■ Work to complete
Please repeat only the lines below starting at the line that holds "Ladies Classic Harrington Jacket Pink Ladies" and ending at the line that holds "Round Cut Diamond", exactly, with both of those lines included and every picture omitted.

■ Supplied records

------------------------------

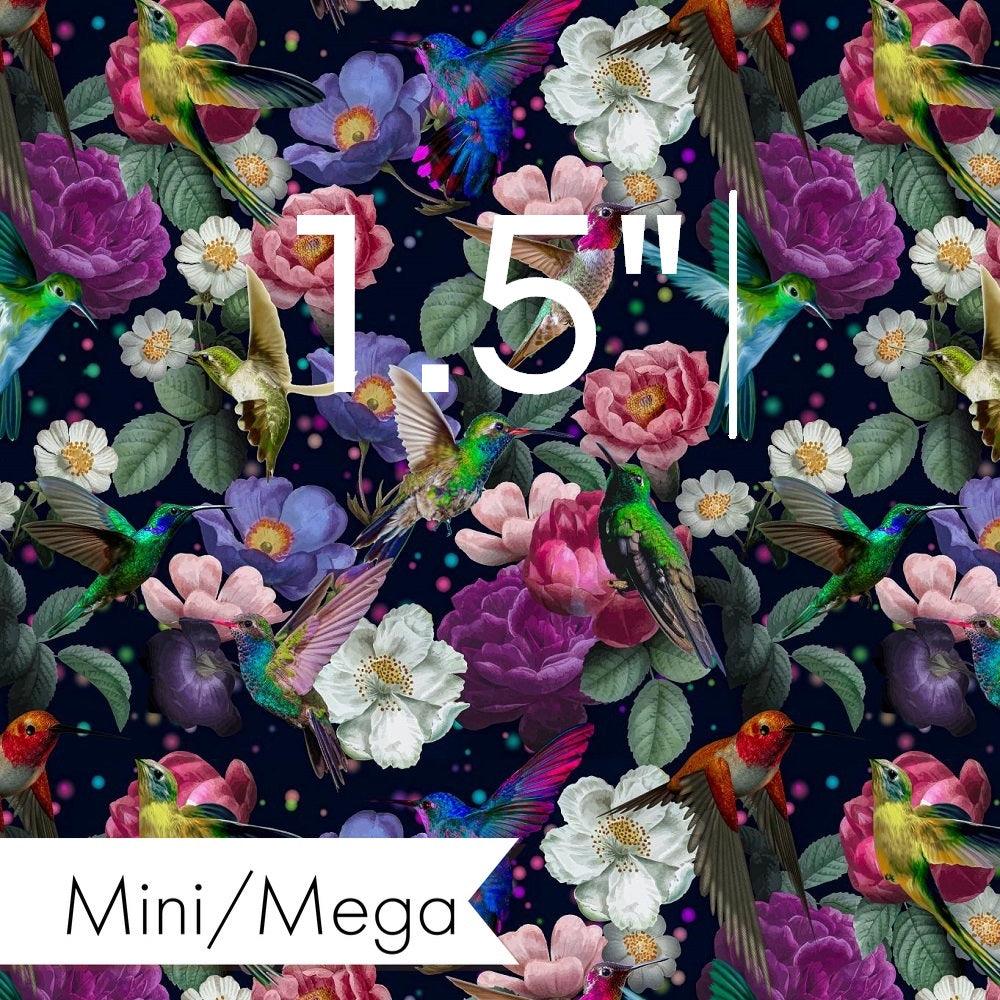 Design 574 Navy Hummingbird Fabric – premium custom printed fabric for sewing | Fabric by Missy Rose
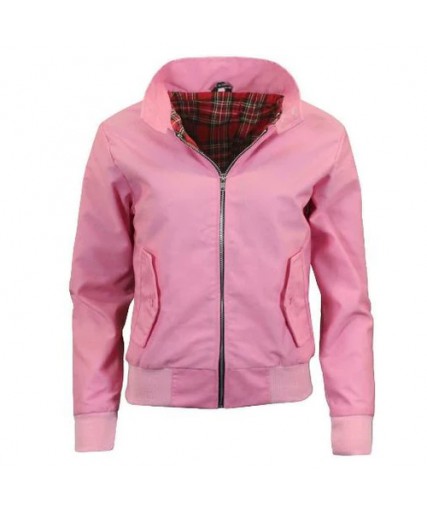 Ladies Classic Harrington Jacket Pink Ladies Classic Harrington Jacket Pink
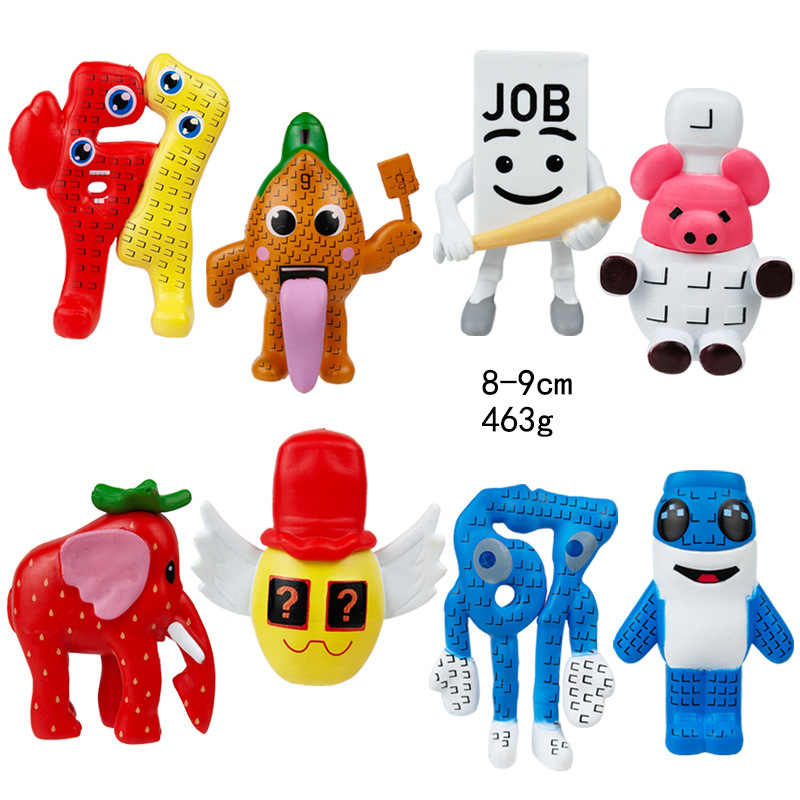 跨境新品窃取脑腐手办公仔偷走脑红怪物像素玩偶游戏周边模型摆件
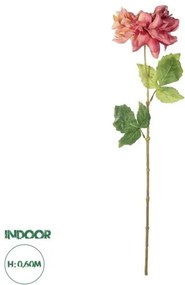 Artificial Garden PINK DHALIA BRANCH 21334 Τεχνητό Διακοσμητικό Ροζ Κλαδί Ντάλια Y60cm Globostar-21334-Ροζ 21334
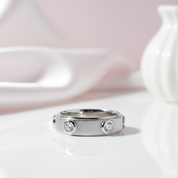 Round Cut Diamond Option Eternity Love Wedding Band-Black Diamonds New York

------------------------------

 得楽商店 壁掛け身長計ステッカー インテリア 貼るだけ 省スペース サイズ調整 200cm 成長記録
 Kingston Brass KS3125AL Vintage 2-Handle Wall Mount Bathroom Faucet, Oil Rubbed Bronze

------------------------------

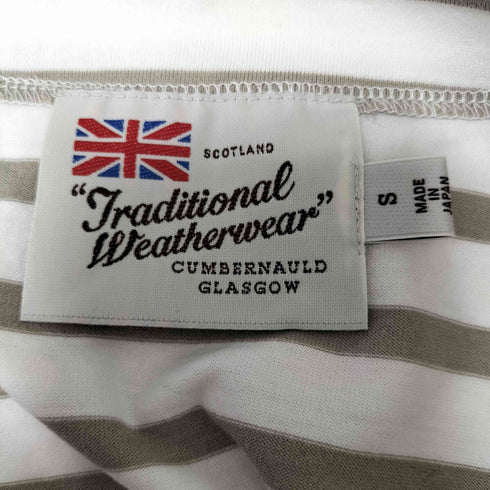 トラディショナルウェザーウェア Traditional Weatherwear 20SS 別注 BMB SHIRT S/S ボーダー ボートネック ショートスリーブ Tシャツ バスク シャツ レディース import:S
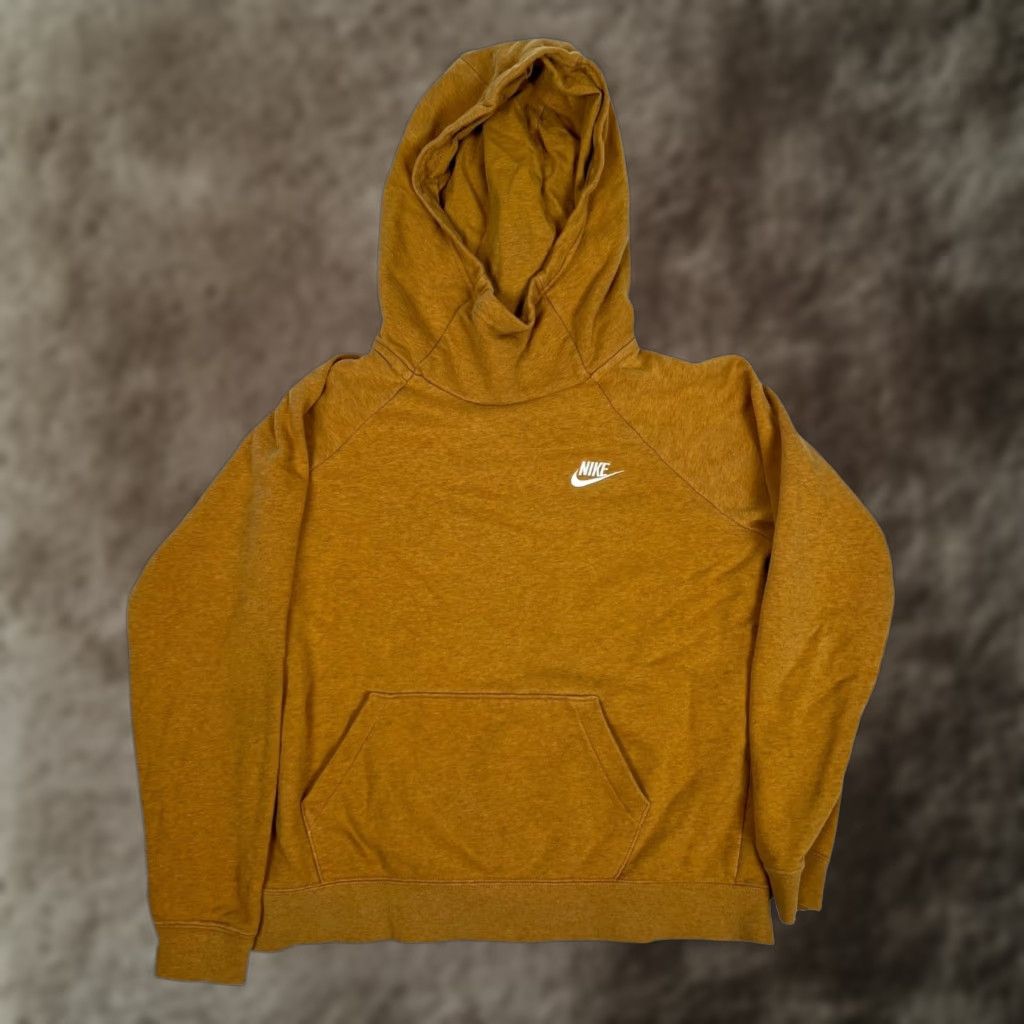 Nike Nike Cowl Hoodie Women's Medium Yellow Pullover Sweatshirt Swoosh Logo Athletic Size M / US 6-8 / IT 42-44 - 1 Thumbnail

------------------------------

■ Exercise solution
 Ladies Classic Harrington Jacket Pink Ladies Classic Harrington Jacket Pink
 跨境新品窃取脑腐手办公仔偷走脑红怪物像素玩偶游戏周边模型摆件
 Artificial Garden PINK DHALIA BRANCH 21334 Τεχνητό Διακοσμητικό Ροζ Κλαδί Ντάλια Y60cm Globostar-21334-Ροζ 21334
 Round Cut Diamond Option Eternity Love Wedding Band-Black Diamonds New York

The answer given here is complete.